LOTR: Face Landmark Localization Using Localization Transformer

12 min readMar 31, 2022

This blog post is a technical summary on the peer-reviewed novel research LOTR: Face Landmark Localization Using Localization Transformer proposed by Watchareeruetai et al. [1] in affiliation with Sertis Vision Lab.

Introduction

Nowadays, face recognition systems are commonplace in our daily lives, with businesses willing to take advantage of their convenience and robustness. Over the past decade, face detection and facial landmark localization have become crucial in aiding the performance of face recognition systems. While face detection refers to accurately detecting faces in an image, facial landmark localization focuses on estimating the positions of predefined key points in a detected face. These key points represent the different attributes of a human face, e.g., the contours of the face, eyes, nose, mouth, or eyebrows [1]. In recent years, facial landmark localization has become an important area of research in computer vision. It has aided in solving several computer vision problems like face animation, 3D face reconstruction, synthesized face detection, emotion classification, and facial action unit detection. However, it is challenging due to its dependency on face pose, illumination, and occlusion [2].

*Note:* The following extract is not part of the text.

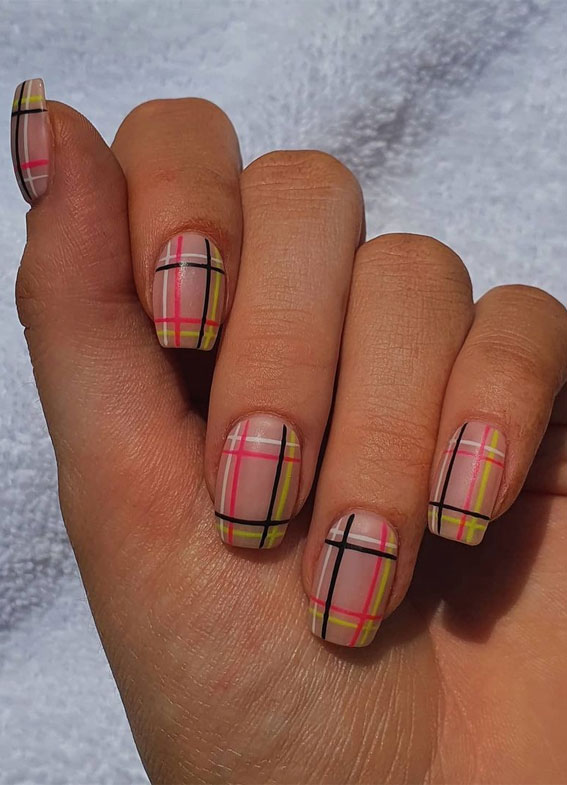 Cute plaid nail designs for autumn 2021 : Neon tartan lines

With the research in Convolutional Neural Networks (CNNs) gaining significant traction since the early 2010s, researchers have utilized their ability to extract contextual information from an image. Thus, using different variants of CNNs as the backbone, two approaches for facial landmark localization have been widely adopted: coordinate regression and heatmap regression.

Coordinate regression methods entail adding a fully-connected layer at the end of a CNN backbone to predict each landmark’s coordinates. On the other hand, heatmap-based approaches predict spatial probability maps wherein each pixel is associated with the likelihood of the presence of a landmark location. Heatmap-based techniques better utilize spatial information than coordinate regression methods that suffer from spatial information loss due to the compression of feature maps before the fully-connected layers. Additionally, heatmap-based approaches lead to better convergence than coordinate regression techniques and have achieved state-of-the-art performance on multiple evaluation datasets. However, they rely on generating large heatmaps, increasing the post-processing complexity.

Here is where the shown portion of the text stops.